Almost immediately, Cega Wang realised he needed the bathroom urgently and warned his friends 'he might need to have a wee in the corner,' according to Mr Rose.

Not long after, the Englishman, Scotty Lintern 'apologised in advance', warning his friends his stomach was starting to rumble after his fatal meal choice - the spicy laksa.

A wave of eyewatering flatulence quickly followed to torture his trapped friends.

'We were struggling to breathe after Scotty's little effort, there was a smell in that lift that I thought would outlast religion,' said Mr Rose.

'Cega was deep breathing through a tiny crack in the elevator with tears in his eyes. He hasn't spoken to us since,' he joked.

'It's been a long recovery after that day, but we're getting there.'

There was no air conditioning in their metal prison and the men were soon left struggling against the humidity and the after effects of their curries.

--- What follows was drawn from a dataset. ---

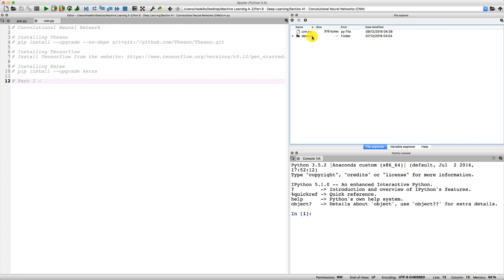Hello and welcome to this Python tutorial. In the previous tutorial we introduced convolutional neural networks and we set the right folder as working directory, which is this folder containing our cnn.py file that we're about to make and this dataset that we will explain in great detail and that we will also pre-process in this tutorial.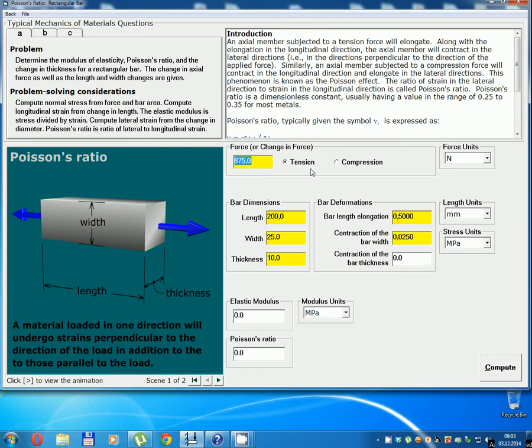Tension: length 200 mm, width 25 mm, thickness 10 mm.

'Hell would have been a few degrees cooler. It was more painful than I imagine childbirth would be, we were at our wit's end,' said Mr Rose.

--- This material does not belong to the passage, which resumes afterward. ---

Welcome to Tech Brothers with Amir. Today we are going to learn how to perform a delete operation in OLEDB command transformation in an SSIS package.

'It was hot as sin, we were all sweating profusely and sitting on the floor in little pools of our own sweat,' said Mr Lintern.

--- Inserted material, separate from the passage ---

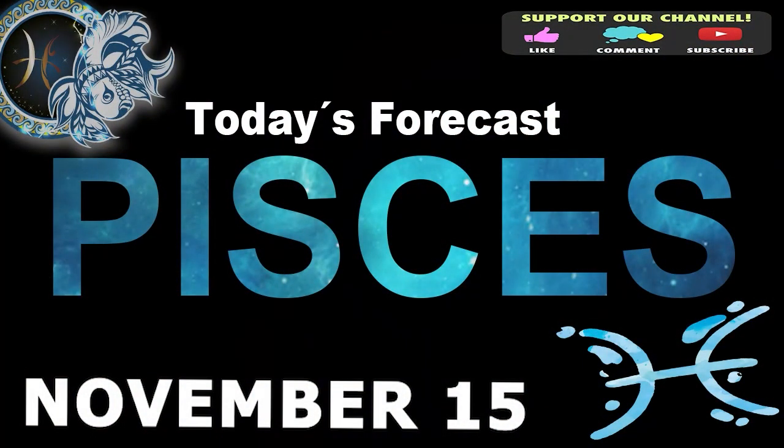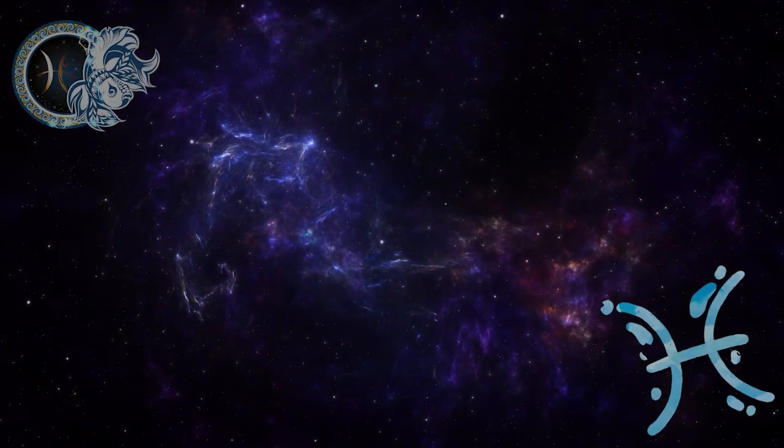Pisces! Welcome to your daily horoscope. An old debate is resurfacing.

The trio took out their phones to record the experience, with video showing the broken, sweaty men explaining how 'dire' it felt.

'Ben and I saw the funny side of things the whole way through but Cega looked a bit stressed,' said Mr Lintern.

'We've bonded over the experience but I think Cega might have filed for divorce.'

The men were resourceful enough to call the pub next door for emergency beers.

Despite an earnest effort from all involved to pull the beverages into the lift, the beers sadly couldn't be shuttled through to the men in need.

'It was only half an hour but it felt like a week long ordeal,' said Mr Rose.

'We went straight out from the lift to the pub and cracked a few beers. Cega ran straight to the bathroom though and stood in the shower for half an hour,' said Mr Rose.

Despite their traumatic experience, Mr Lintern - who has earned himself the nickname 'the farting Englishman' - still has found memories of the restaurant.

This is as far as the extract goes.